Growing Undergraduate Teacher Education Pathways for Paraprofessionals and High School Students
The SEHD received a $754,300 subaward from St. Vrain Valley Schools as part of the Opportunity Now Colorado Grant Program. The grant, called Pathways to Prosperity, is sponsored by the Colorado Office of Economic Development and International Trade. This subaward builds upon and funds the SEHD’s strong Pathways2Teaching customized dual enrollment programs and a new pathway, the Paraprofessional to Teacher Advancement Pathway (P-TAP), that allows full-time working paraprofessionals to complete a BA with teaching license from their districts.

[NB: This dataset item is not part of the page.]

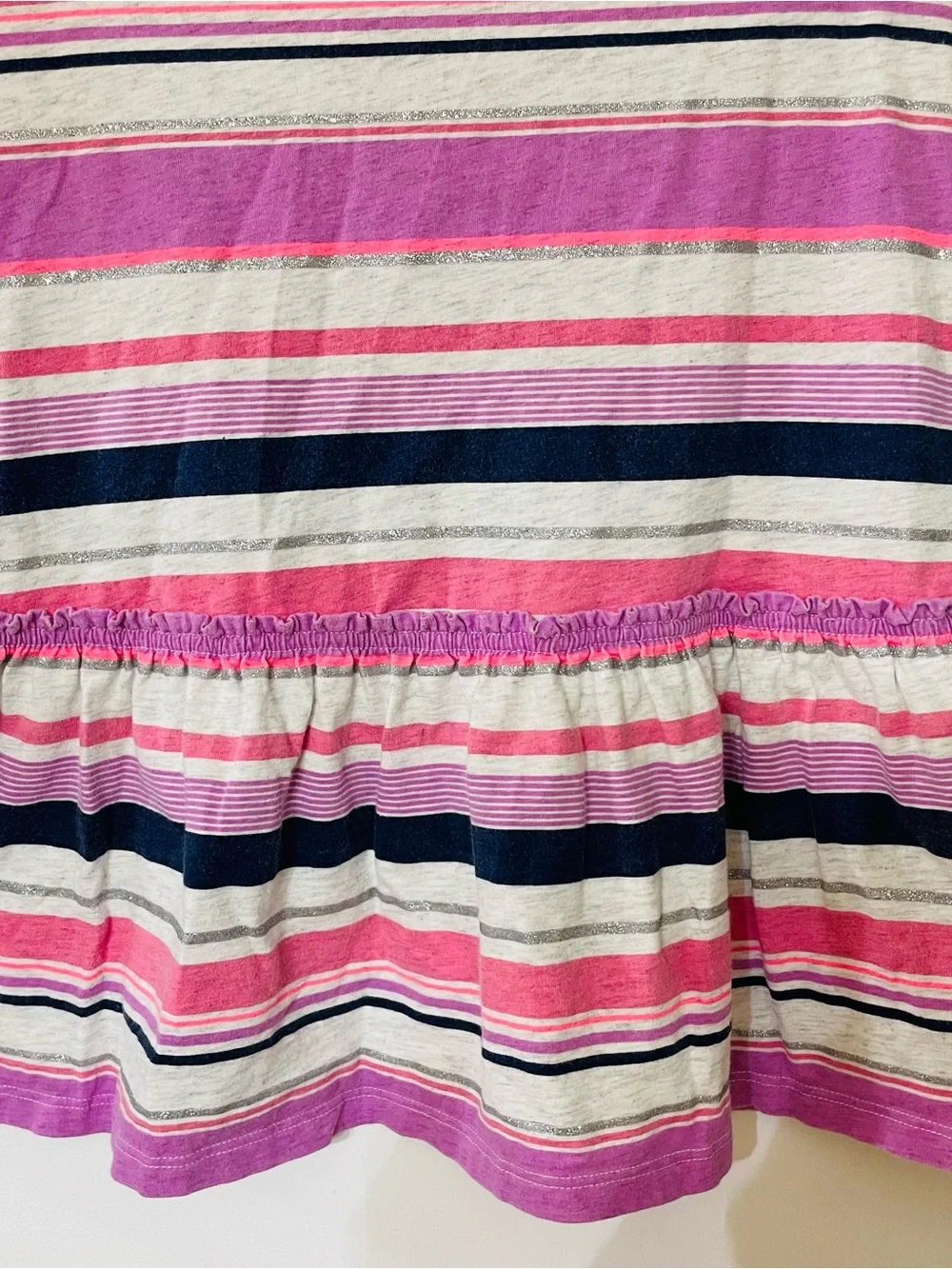 OshKosh B'gosh Pink Purple Navy Striped Long Sleeve Peplum Top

Improving Student Voice Research in Denver High Schools
SEHD’s Carlos Hipolito-Delgado, PhD (PI), professor, and Dane Stickney, PhD (project staff and clinical assistant professor), together with their research partners Ben Kirshner, PhD at CU Boulder (co-PI), Shelley Zion, PhD at Rowan University (co-PI), and Magnolia Landa-Posas at Denver Public Schools (co-PI) received a prestigious $400,000 Spencer Foundation grant to expand the partnership between Transformative Student Voice (TSV) and Denver Public Schools’ Student Voice and Leadership program. The TSV team designs and sustains systemic opportunities for marginalized high school students to identify compelling problems and challenges, participate in original research, and advocate for social justice change in their schools and communities by working with adults to implement better policies and practices. This grant allows this team of researchers to scale up capacity, improve research infrastructure, and develop authentic assessments that may be used in Denver or in other TSV partnerships across the nation.
In addition, the school thanks Suzanne Arnold, PhD, Jennifer Dailey, Rashmi Gangamma, PhD, Cindy Gutierrez, PhD, Kristie Kauerz, PhD, Julia Mahfouz, PhD, Diana Schaack, PhD, Scott Schaefle, PhD, and Barbara Seidl, PhD, who received additional grants totaling more than $1.5 million and Shannon Hagerman, PhD, who helped steward a major donation from the Buell Foundation totaling $50,000.